2年間の準備の後、この研究(A57/124)は、2002年10月9日、第57回会期の第一委員会に提出された。2002年11月22日無投票で採択された「軍縮・不拡散教育に関する国連の研究」と題する決議57/60の中で、国連総会は、この研究に含まれた勧告は、加盟国、国連、他の国際機関、市民社会、NGO及びメディアによって適宜実行されるべきものとし、事務総長に対して、国連総会第59回会期に勧告の実施状況を報告することを要請した。更に、国連の研究の勧告33は、加盟国及び軍縮担当事務次長が、国連総会第一委員会での発言の中にこれらの勧告の結果に関する情報を含めるよう奨励している。
- 背景
現下の不安定な安全保障環境においては、大量破壊兵器の危険性とそれを乗り越えるための手段について人々に伝えるべき差し迫った必要性がある。長期的に継続する平和は、紛争の原因と平和的解決方法に関する深い理解を共有することによってのみ確保される。この点において、教育は、重要であるが、将来の世代の軍縮・不拡散を強化するために十分に活用されていない手段である。
軍縮・不拡散教育及び研修の全体の目的は、知識と技術を個人に伝えることによって力を与え、国民及び世界市民として具体的な軍縮・不拡散措置の達成に貢献させることである。軍縮・不拡散教育は、特にNPTにおける軍縮・不拡散義務の完全実施に向けて前進するために重要である。軍縮・不拡散教育は、これまで蓄積されてきた知識の継続を可能にし、NPTに関連する仕事をしている者が、条約やNPT体制全体について理解することを手助けする。更に、軍縮・不拡散教育は、核兵器がもたらす危険性に関するNPT締約国の認識を高めることに資すると共に、政府、外交官及び国際機関が、この目的のために実施してきている活動について一般の人々に情報提供を行う。
- 実施
共同提出国は、
- 1978年に、第1回軍縮特別総会(SSOD・)として知られる、第10回国連特別総会が、軍縮教育の緊急性を宣言した最初の国際会議であること想起し、同会期中に提案されたフェローシップ・プログラムが継続していることを歓迎する。

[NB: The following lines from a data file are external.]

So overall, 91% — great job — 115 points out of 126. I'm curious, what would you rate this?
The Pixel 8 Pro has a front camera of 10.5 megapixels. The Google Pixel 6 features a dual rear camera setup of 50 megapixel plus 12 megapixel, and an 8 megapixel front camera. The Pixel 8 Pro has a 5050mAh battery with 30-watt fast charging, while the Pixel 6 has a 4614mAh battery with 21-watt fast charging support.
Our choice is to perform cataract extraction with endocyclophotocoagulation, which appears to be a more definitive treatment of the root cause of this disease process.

- 軍縮教育の発展に対して特別な力点を置かれるべきとするUNESCO軍縮教育世界会議の最終報告の重要性を認識する。
- 締約国に対し、教育及び研修活動を通じてNPTの目的を促進する上での締約国、国際機関、NGO及び学術機関の役割と責任を認識することを推奨する。
- 軍縮・不拡散教育に関する国連報告を歓迎する。また、特に、
- 各国が取り得る特定の立場に拘わらず、国連の研究に含まれる勧告が実行可能であることを認識し、国家、集団及び個人が適切かつ実行可能な範囲でこれらを実施していくことを奨励する。

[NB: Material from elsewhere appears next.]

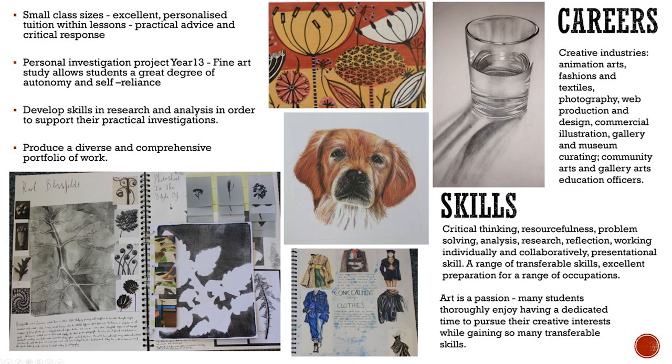The study of fine art also demands critical thinking, resourcefulness, problem solving and strong analytical skills. Students gain experience in individual researching as well as working on collaborative projects and develop fantastic presentational skills. These transferable skills are excellent preparation for a range of occupations and are very attractive to a wide range of employers.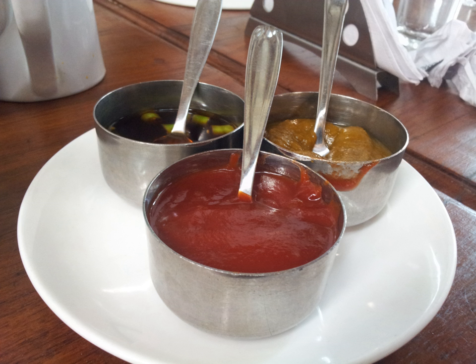Menma is a Japanese condiment made from dried bamboo. It is a common topping for noodle soup and ramen. Menma is also known as shinachiku, but this term is now being phased out due to the negative connotations of the word shina.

- 各国政府に対し、たとえ小さくても報告書に含まれた勧告を実施し、それにより、草の根レベルでの軍縮・不拡散教育のモメンタムを集めるに向けて具体的な措置を取るべく努力することを奨励する。
- 軍縮・不拡散についての膨大な資料が既に存在し、増え続けていることを認識すると共に、それらをできるだけ広く伝えていくために、整理して、使いやすい形で利用可能とする必要があることを再確認する。

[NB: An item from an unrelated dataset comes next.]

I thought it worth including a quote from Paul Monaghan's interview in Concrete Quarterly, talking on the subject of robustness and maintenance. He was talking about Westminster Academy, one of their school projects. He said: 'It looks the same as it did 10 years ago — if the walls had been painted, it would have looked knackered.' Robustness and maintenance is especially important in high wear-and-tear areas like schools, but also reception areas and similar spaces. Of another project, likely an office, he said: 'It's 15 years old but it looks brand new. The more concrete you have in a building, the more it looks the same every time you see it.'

- 2005年NPT運用検討会議が、国連の研究に高いレベルの重要性を付与することを奨励する。
- 国連軍縮局の援助の下での、軍縮・不拡散教育に関する国連関連機関の間の横断的グループの創設及び多くの国連関連機関による軍縮・不拡散に関する資料の作成を歓迎する。
- 前述の宣言や文書にも拘わらず、現在、入手可能な情報の豊富さに言及するまでもなく、軍縮・不拡散教育分野においては、教材の翻訳、照合、普及及びこれらを異なる聴衆や社会経済グループのために様々なレベルにおける教育に含める更なる努力が求められていることに注目する。
- NPTへの理解をより深める観点から、締約国が、締約国自身、NGO及び学術機関の専門知識を使い、国連、国連軍縮局及びIAEAを含む関連国際機関と共に、可能な立場にある他の締約国の協力を得て、NPT運用検討会議の結果及び条約実施に向けた各国の取り組みに関する情報を含む教育・研修プログラム及びワークショップを開催することを奨励する。
- 締約国が、教育機関における軍縮・不拡散の文化を醸成するという研修目的のため、拡散の結果及び課題並びに軍縮の重要性を扱った教材を発展させ且つ普及させていくことの必要性を認識することを奨励する。
- 他国が、この作業文書を支持すると共に、軍縮・不拡散分野における自らの取り組みに関する情報を、2005年運用検討会議で自発的に紹介することを奨励する。